§ ACTIVITY
Each of the entries below is to be written out exactly, and the images skipped.

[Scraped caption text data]
******************************
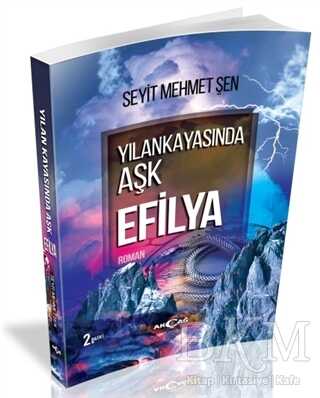 Yılankayasında Aşk Efilya - Roman | Avrupa Kitabevi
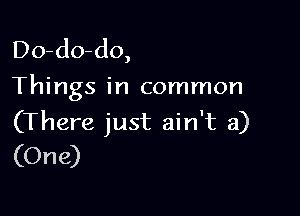 Do-do-do,
Things in common

(There just ain't a)
(One)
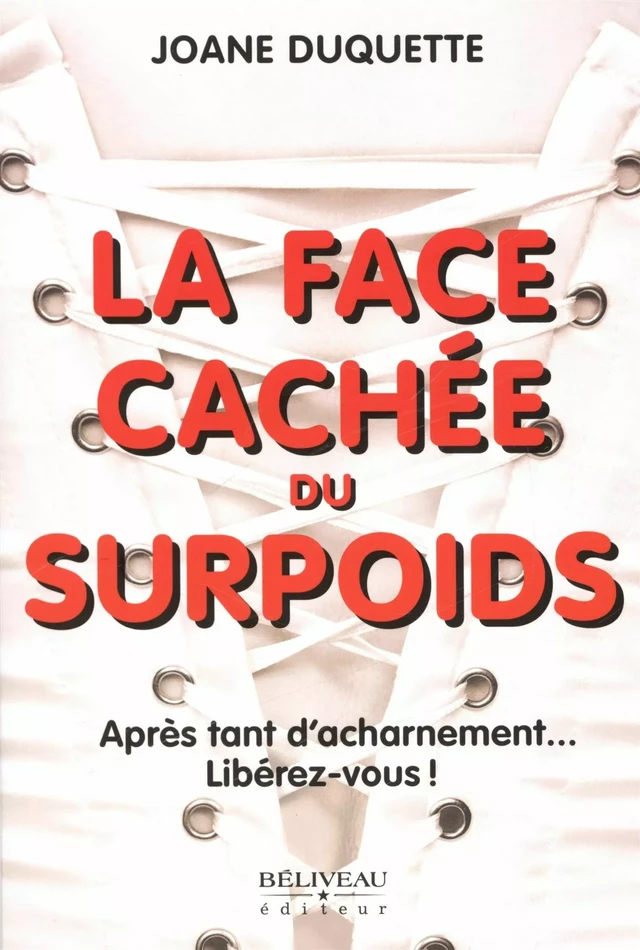 La face cachée du surpoids -  Joane Duquette - Béliveau Éditeur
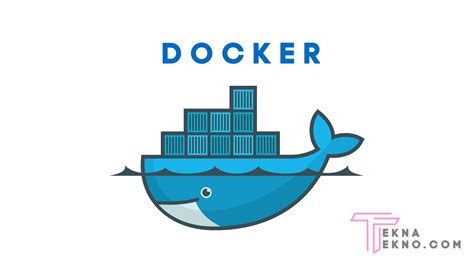 Mengenal Apa Itu Docker Definisi Fungsi Keunggulan Dan Cara Kerjanya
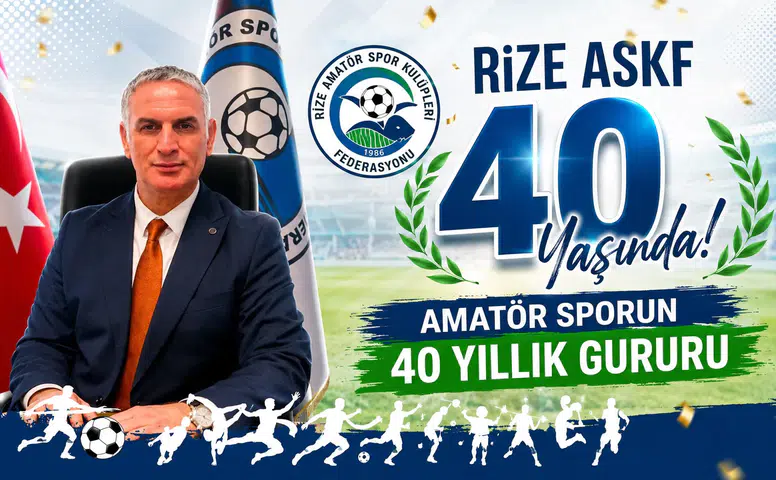 Rize ASKF 40 Yaşında! Amatör Sporun 40 Yıllık Gururu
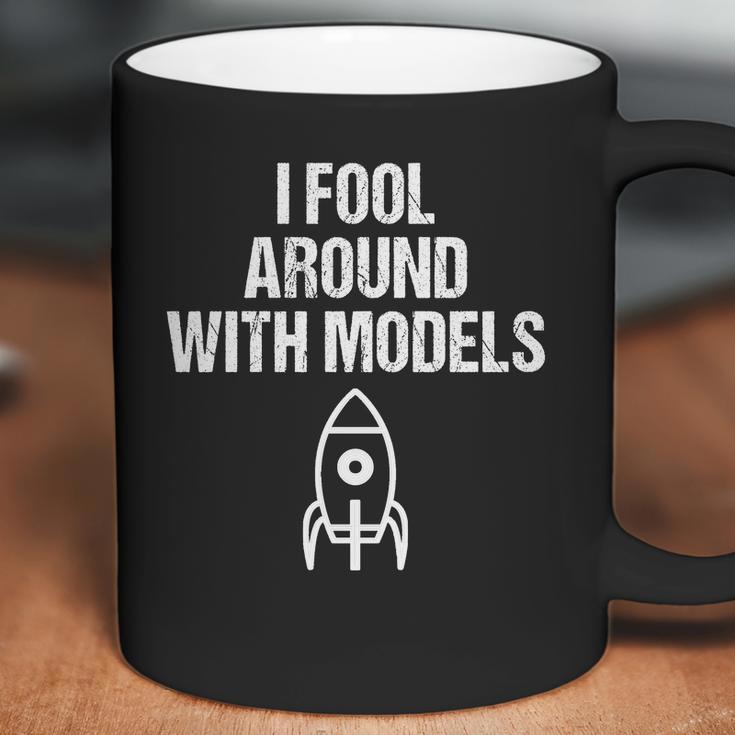 I Fool Around With Models Funny Model Rocke Coffee Mug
******************************
§ REPLY
 Yılankayasında Aşk Efilya - Roman | Avrupa Kitabevi
 Do-do-do,
Things in common

(There just ain't a)
(One)
 La face cachée du surpoids -  Joane Duquette - Béliveau Éditeur
 Mengenal Apa Itu Docker Definisi Fungsi Keunggulan Dan Cara Kerjanya
 Rize ASKF 40 Yaşında! Amatör Sporun 40 Yıllık Gururu
 I Fool Around With Models Funny Model Rocke Coffee Mug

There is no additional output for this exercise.